(TASK INPUTS)
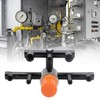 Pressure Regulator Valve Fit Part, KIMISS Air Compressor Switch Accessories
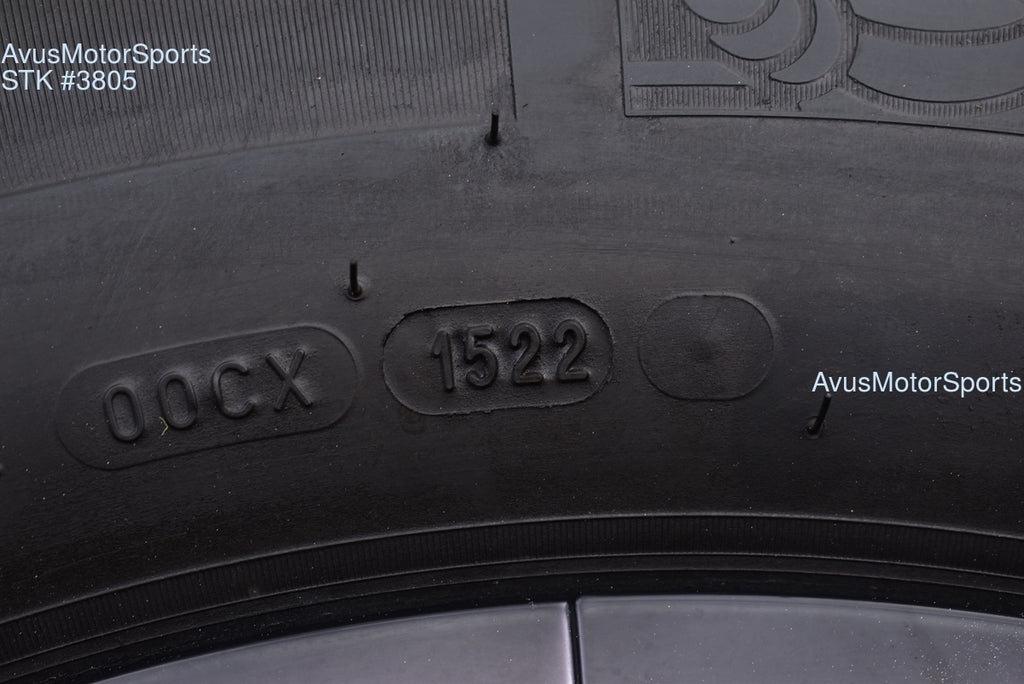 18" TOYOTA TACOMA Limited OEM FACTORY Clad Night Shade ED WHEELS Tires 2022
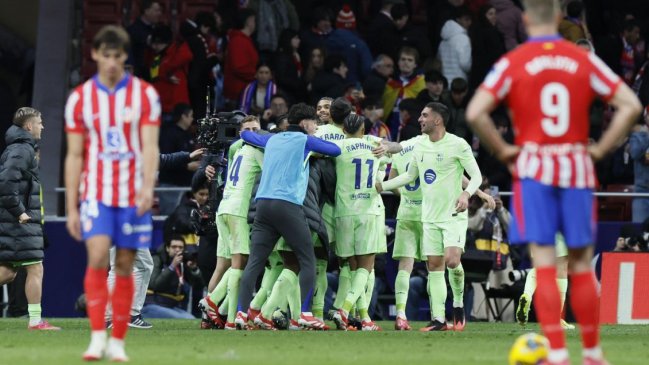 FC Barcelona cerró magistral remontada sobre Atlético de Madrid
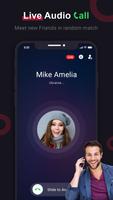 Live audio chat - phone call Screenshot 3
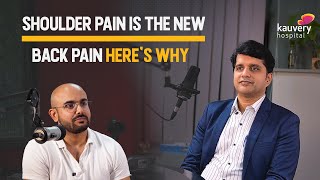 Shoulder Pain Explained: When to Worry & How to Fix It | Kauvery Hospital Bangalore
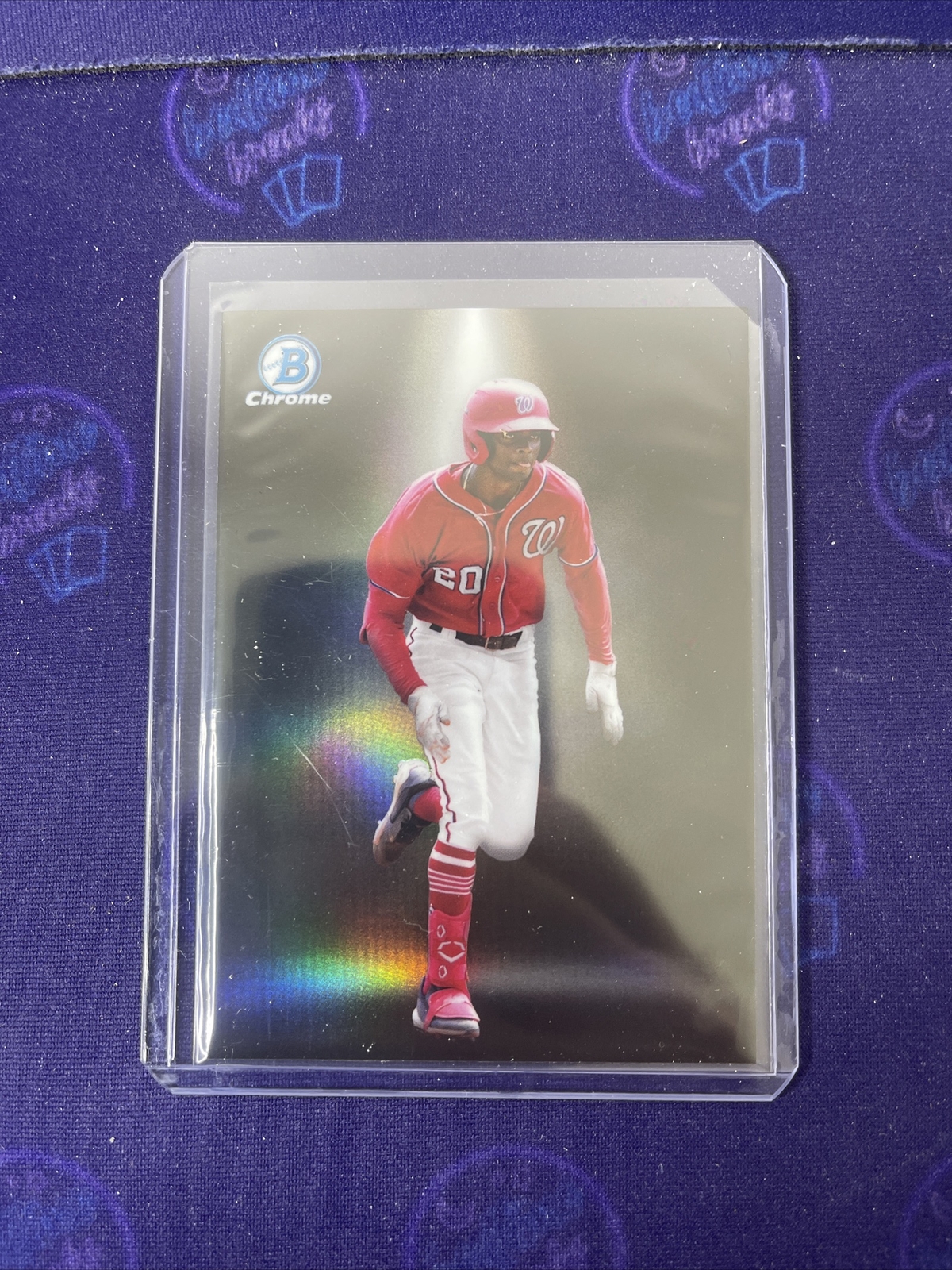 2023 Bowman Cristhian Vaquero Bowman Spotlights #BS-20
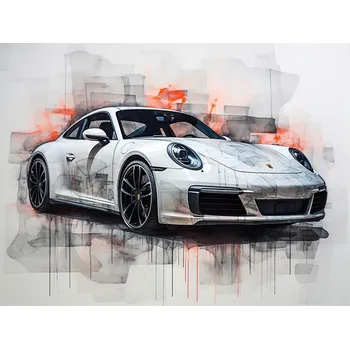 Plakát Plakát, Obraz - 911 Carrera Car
(End TASK INPUTS)
HOW TO COMPLETE THIS TASK: An exact copy of all the records, free of pictures, is the expected answer.

COMPLETED TASK:
 Pressure Regulator Valve Fit Part, KIMISS Air Compressor Switch Accessories
 18" TOYOTA TACOMA Limited OEM FACTORY Clad Night Shade ED WHEELS Tires 2022
 FC Barcelona cerró magistral remontada sobre Atlético de Madrid
 Live audio chat - phone call Screenshot 3
 Shoulder Pain Explained: When to Worry & How to Fix It | Kauvery Hospital Bangalore
 2023 Bowman Cristhian Vaquero Bowman Spotlights #BS-20
 Plakát Plakát, Obraz - 911 Carrera Car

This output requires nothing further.